Entries provided section start

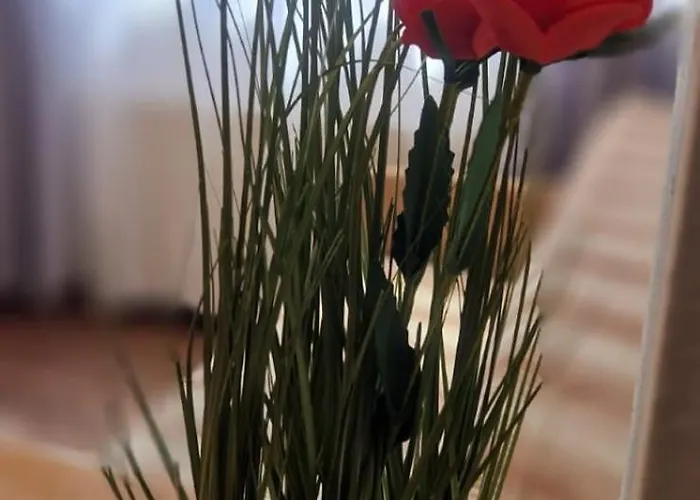 Stephanie Apartment-centru Civic *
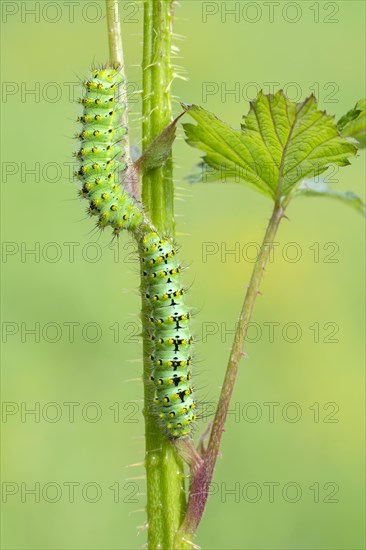 Small emperor moth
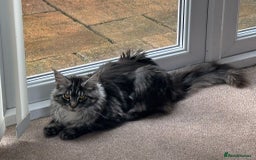 Maine Coon cats for sale: Maine Coon TICA reg kittens and Persian adult  - Image 17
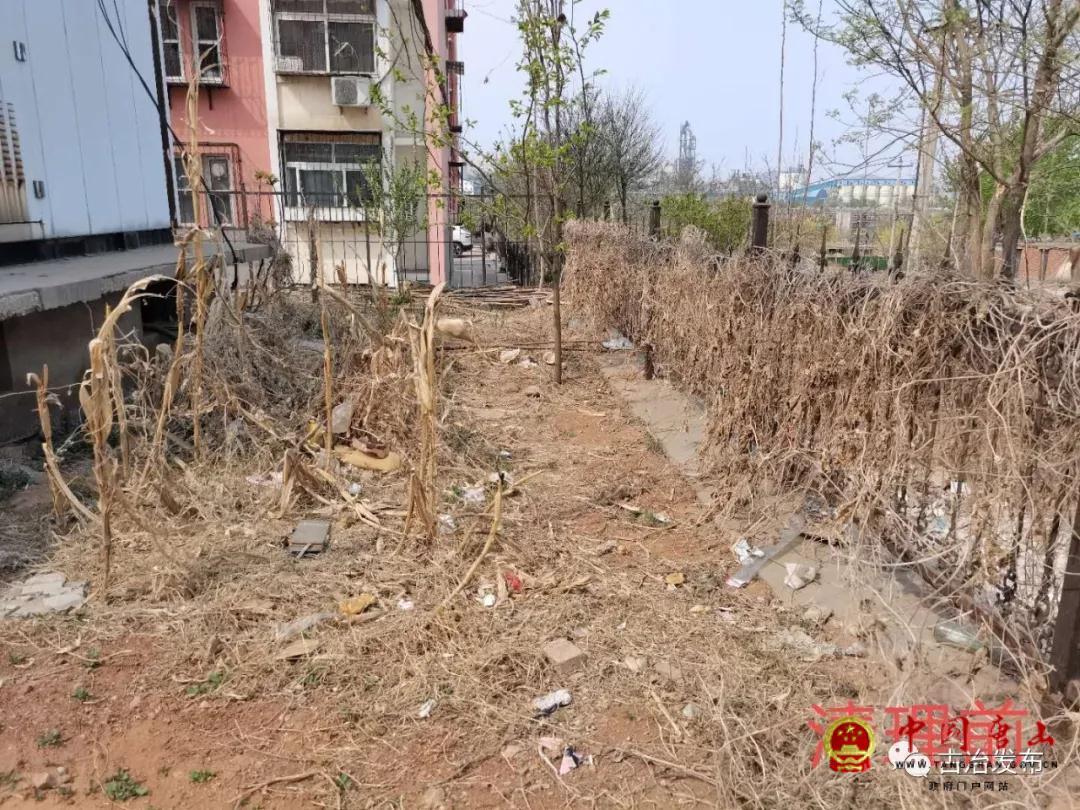 百科百度 第72页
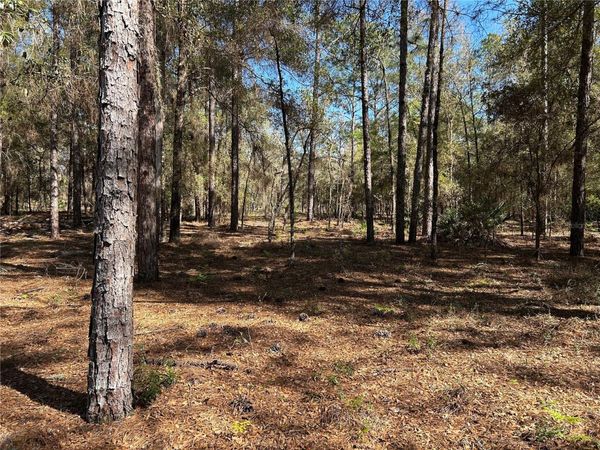 Lot 23 SW 181ST CIR , DUNNELLON, FL 34432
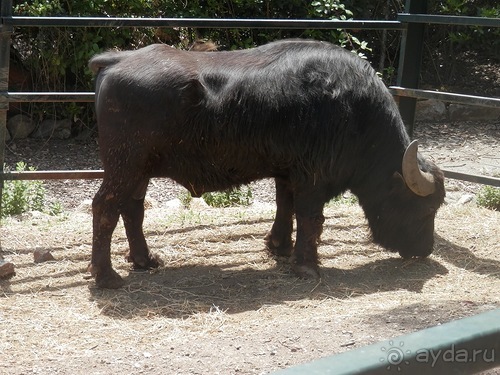 Зоопарк в Севилье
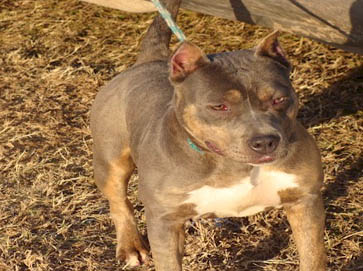 and tan Pit Bull pictures 14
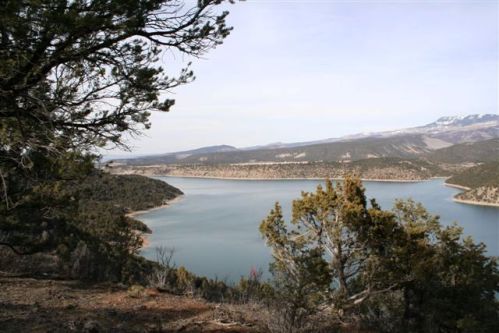 587 Waterview Ln, Ridgway CO  81432-9349 exterior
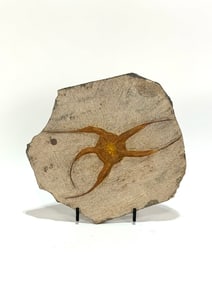 Moroccan Jurassic Starfish Fossil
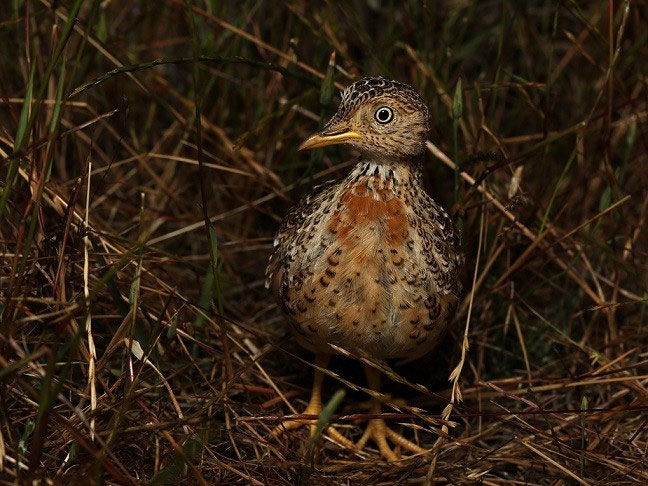 Loài chim cổ xưa bí ẩn thoát nguy cơ tuyệt chủng ở Australia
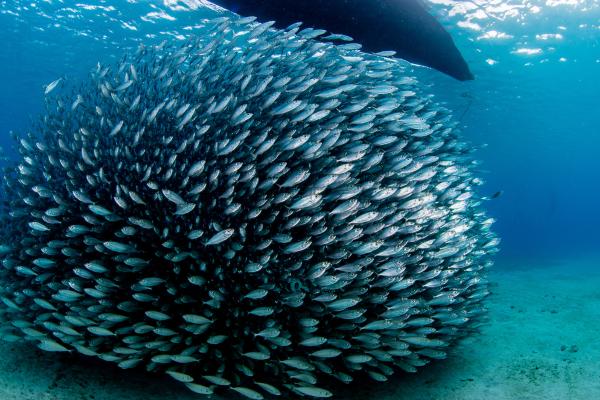 鱼群现象揭秘：为何鱼儿喜欢成群结队？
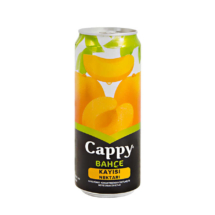 cappy-kayisi-kutu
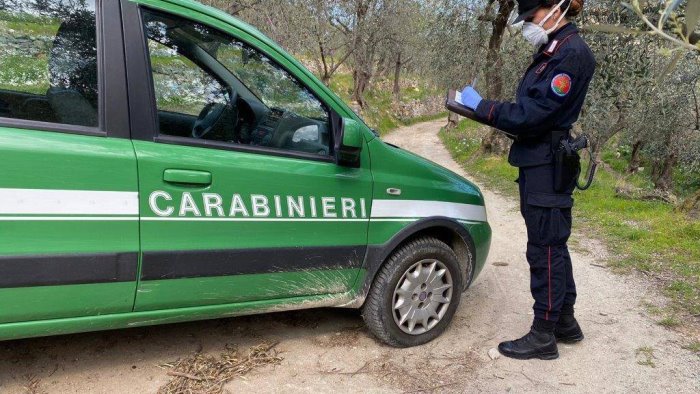 ariano depuratore comunale blitz dei forestali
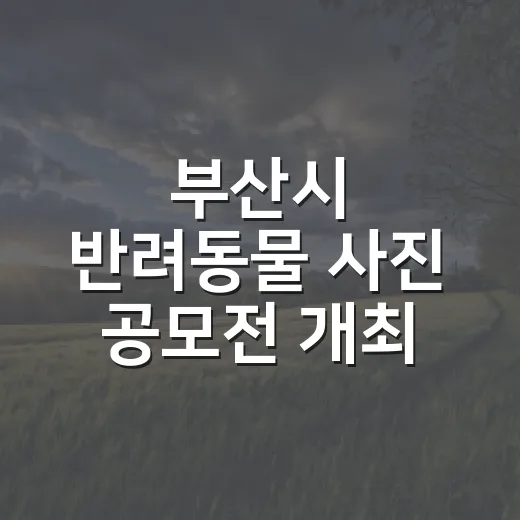 부산시 반려동물 사진 공모전 개최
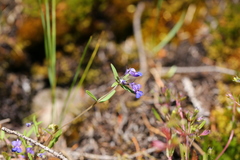 Collinsia grandiflora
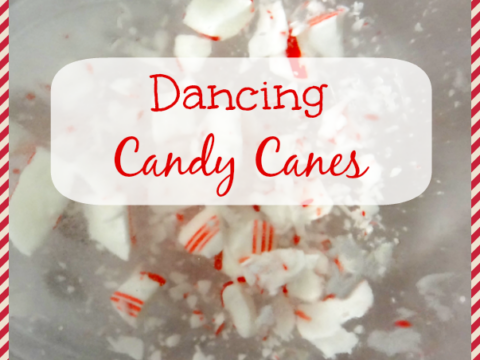 Image for Dancing Candy Canes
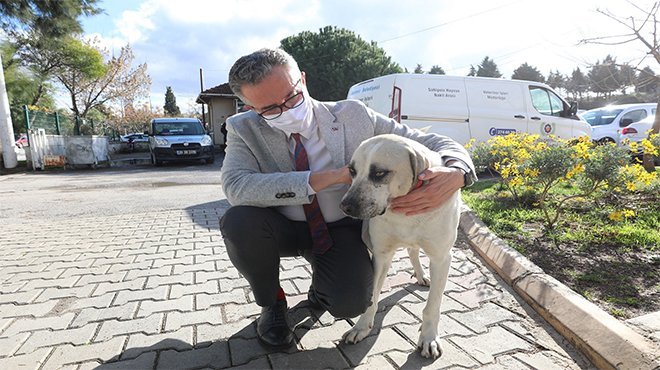 Sokağa çıkma kısıtlamalarında can dostlar unutulmuyor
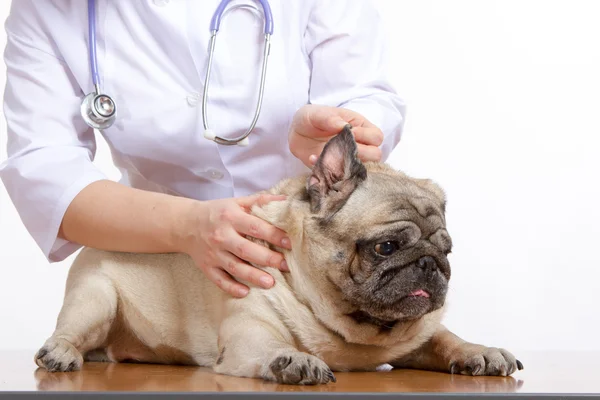 Pug is een hond, de dierenarts inspecteert — Stockfoto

Entries provided section end

> [Problem description]: Above are records; repeat only the lines from the line with "Maine Coon cats" through the line with "cappy-kayisi-kutu", and leave pictures out.

> [Exercise answer]:
 Maine Coon cats for sale: Maine Coon TICA reg kittens and Persian adult  - Image 17
 百科百度 第72页
 Lot 23 SW 181ST CIR , DUNNELLON, FL 34432
 Зоопарк в Севилье
 and tan Pit Bull pictures 14
 587 Waterview Ln, Ridgway CO  81432-9349 exterior
 Moroccan Jurassic Starfish Fossil
 Loài chim cổ xưa bí ẩn thoát nguy cơ tuyệt chủng ở Australia
 鱼群现象揭秘：为何鱼儿喜欢成群结队？
 cappy-kayisi-kutu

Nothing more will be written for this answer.